# anybody else think cognitive therapy doesnt work?



## hkyricky (May 2, 2014)

i have been going to cognitive therapy for about 5 and a half years now. im always really depressed and anxious. i dont leave the house often maybe once or twice aweek for around 10 to 20 mins. so my therapist says i need to go to school or get a job and no matter what i say thats his advice. how am i suppose to get a job or go to school. when i have panic attacks everytime i get out in public.


----------



## Pillowtalk (Feb 25, 2014)

I don't know man. I've been going to therapy for a couple months now. I still have problems sparking up conversations with people but I feel like CBT is really helping me. Most of it is from me though. My therapist has probably done about 50% of the work. I mean, I started pushing myself to be more active in social situations in general since before I even started therapy but I feel like talking to a therapist has helped me to better understand myself. It sounds to me like you might suffer from agoraphobia though, something I never actually had to experience. It's gotta suck and I sympathize. Maybe you need to see a psychiatrist? They can prescribe anti-depressants and stuff, which I've heard can help a lot, or make things worse depending on the medication used. IDK, I wish I could help more but everyone has their own level of pain in any given situation.


----------



## bottleofblues (Aug 6, 2008)

Didn't help me either, perhaps CBD isn't the right treatment for you, everyones different and CBD is just the most hyped one for the masses, but not everybody responds well to it. Have you been going to the same therapist for 5 years? Thats a long time if you have, if you still aren't seeing much progress i'd suggest time to try something else.
Your therapist has probably mentioned this but have you tried gradual exposure? Rather than jumping in the deep end like getting a job, just going to public places that you fear slowly increasing the exposure.

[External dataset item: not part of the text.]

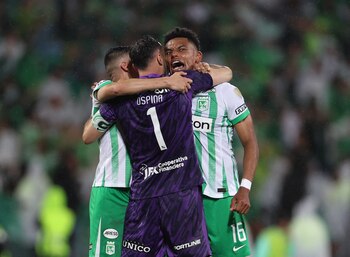 Atlético Nacional empezaría a perder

I don't think there is an easy solution to overcoming your fears other than to face them, you just have to get out there but perhaps at your own pace.


----------



## low (Sep 27, 2009)

Not sure how best to explain it. I basically didn't like some of the ways I felt like I was apparently supposed to programme myself. Like in a sense the ideology doesn't want you to be critical. It actually does promote critical thought because it challenges thinking patterns, negative thinking, promotes divergent thinking. 

It was more the excusing. I felt like the ideology wants you to excuse things that aren't right. I was talking to a counsellor about some specific things too and I felt invalidated. It was actually about being told to smile. Straight face issue, perpetual fascism from people. 'They just want to get to know you'. 'They want you to talk to them'. Like dozens, literally of comments over the years. Deep seated issue. Passive aggression derogatory comments. Judgement in employment, personal life, and he's telling me they're being nice.

Not sure I explained that well?

Well, anyway. I have a book on my shelf that's been there 5 years or something. Gave in half way through a chapter. I do want to make a good go of it. I don't think it is necessarily incompatible. I think it was more the specific issue I was hung up on and generally in a pretty closed mindset. Of course you can sit in a restaurant and nothing terrible will happen. And other relatable scenarios. I think it's compacting those kind of things and forming habbits, rewiring negative/anxiety thought patterns that I (and others IMO) should take from it.

I'll say another thing though. If you're that low to the point of going to the shop, talking to anyone is uncomfortable to you then it will be challenging at the start. Your other option is stay as you are. Exposure has to start somewhere. Can't just theorise all of the time. That's what I've been doing for years.

I advocate self-agency awareness too. You can act regardless of a situation (almost always). Challenge victimhood. Make the most of what you have. Take opportunity. Minimise damages.


----------



## Lacking Serotonin (Nov 18, 2012)

A counselor wanted to do DBT with me, but I never started it.


----------



## John316C (May 1, 2011)

dgfdgddf


----------



## Marko3 (Mar 18, 2014)

i hope it helps.. im reading book on it...


----------



## hkyricky (May 2, 2014)

i do see a shrink i take 7 pills a day. there all for anxiety depression and fear. i also take one for ptsd because of flashback nightmares. i totally agree that cognitive therapy can help with some mild problems but its seems to take make the big ones worse. maybe its just my therapist i dont know. it just seems to stress me out more because its like he doesnt listen to what i say. its like he thinks i can just snap out of it all at once. its taken almost 3 years just to be able to get out in my yard and take short rides in the car.


----------



## scorch428 (Sep 2, 2013)

It works if you're ignorant and stupid  Otherwise, no. It's a chemical problem.


----------



## Callum96 (Jul 18, 2013)

It didn't work for me but I think that's mainly down to the lack of effort I put in. You have to get yourself in the right mindset over and over again for it to really work and I didn't have the mental strength or motivation to do that. Although to be honest some of the techniques did seem a bit wishy-washy and weak. I definitely think I'll give it another go in the future.


----------



## ANXPhoenix (Mar 17, 2013)

I'm just curious... Can you guys that don't believe the CBT works give me an example of what seemed off about it? Like a book passage, something your therapist keeps telling you, an experience, etc. is there something specific that just doesn't seem right to you or is it just that you feel "everything" is hopeless?

I only ask because a lot of therapists say they do CBT when really they don't know much about it at all, and some of the examples and different Acronyms used seem off. Also an important part of CBT is actual group therapy with others that have social anxiety... Just seems like it might be a lot of bad experiences and inexperienced therapists.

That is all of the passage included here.